John Tierney: [00:32:24] I mean, that's saying is a great example of the negativity effect. The bad is just so much stronger than good. That one little bit of tar ruins a whole barrel of honey and it doesn't work the other way. I mean, that's an old-folks saying that the people have known for a while bit, but it was demonstrated in some clever experiments where they would show people this glass of apple juice and they would put a sterilized cockroach in it and people knew it was sterilized. But after they saw that the people refuse to drink apple juice, I mean, they wouldn't drink it from that glass. It's so revulsive that if they were offered a fresh glass with apple juice poured from a fresh carton and nothing to do with that cockroach at all, they still would refuse to drink it. Their feeling of disgust was so strong that nothing could overcome it.
[00:33:11] But imagine for a minute, that there's some disgusting food that is on a plate. And then someone offered to put your favorite food -- a piece of molten chocolate cake -- and they will put that on top of the disgusting food. Would that make you willing to eat disgusting food? And the answer is no, of course, because it just doesn't work the other way. The negativity effect is enforced. As the researchers put it, there's no anti-cockroach that a cockroach can ruin a really good food, but there's nothing that can rescue a bad food at all. There's nothing so good that it can overcome your revulsion at it.
[00:33:44] And you see this in lots of religious traditions too, where it takes no years of devotion, decades of devotion, in order to become a saint or to become holy, or to become enlightened, but it can all be undone, with one bad act, one demon appears and tempts you, and you've suddenly damned. So there is this idea that bad is so much stronger than good, that it just takes one little bit of it to ruin you, whereas it just doesn't work the other way. There isn't one good thing. And that's true in some ways of life where one act of infidelity can destroy a marriage, but there isn't any one good thing you can do that will guarantee that marriage will last forever.
[00:34:22] And another example is that there's the psychologist who discovered the negativity effect. You know, my co-author Roy Baumeister, he noticed that for most things in psychology, when you're describing emotions and events, you're dealing with opposite. You're happy or sad, you're relaxed or you're anxious, you're angry or you're -- but he noticed the word trauma. Now, trauma is a bad event that affects you long afterward. And he was trying to think, what's the opposite of trauma? What's a good event that would last with you for decades and keep affecting you? And there is no word that means the opposite of trauma because there's no good event that has that lasting impact. One traumatic experience, you know, sexual experiences, some violence. I mean, your youth can stick with some people their whole lives, but no one goes through adulthood fixated on that wonderful day at the zoo. Bad is just stronger that way.
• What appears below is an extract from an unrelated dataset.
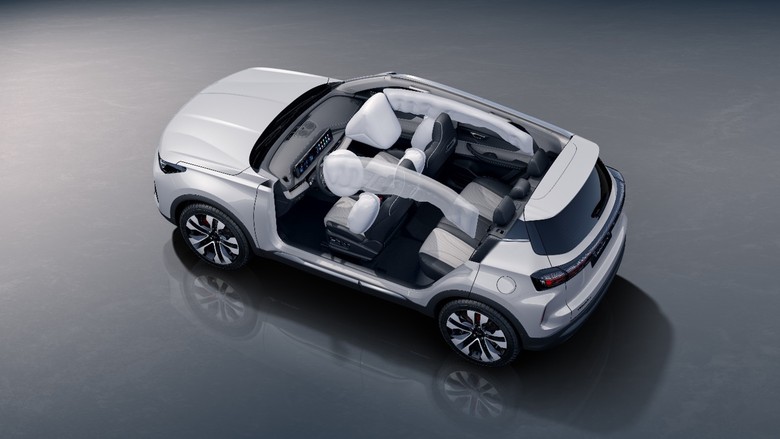 Chery Tiggo 4 Pro top view in white color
[00:35:18] Now again, we do try to tell people in the book that these things can be overcome. Most people who undergo trauma actually do -- a bad event has so much more impact at the time. It has bad effects at the time. And the message of our book is that bad is stronger, but good can prevail because trauma victims typically respond in so many little positive ways to do that event that over the long haul, the good overwhelms the bad that. Anyone bad event is much stronger, but there are so many more good things that that's how good prevails is with intelligence and by force of numbers that you just do so many good things. That's why the world keeps getting better. There's lots of bad stuff that happens, but on a typical day, there's a lot more than four good things happening for every bad one. That's why life gets better.
Jordan Harbinger: [00:36:08] Now, how is this reflected in our language? You'd mentioned before, there's no such thing as the opposite of trauma. In our language, you mentioned this in the book as well. There's no opposite of accident. There's no opposite of murderer or killer. There are no opposites to these words. These things are strongly represented in the way that we speak, so it's kind of coded into the human -- I hate overusing this -- but it's like coded into our DNA. It's coded into our society.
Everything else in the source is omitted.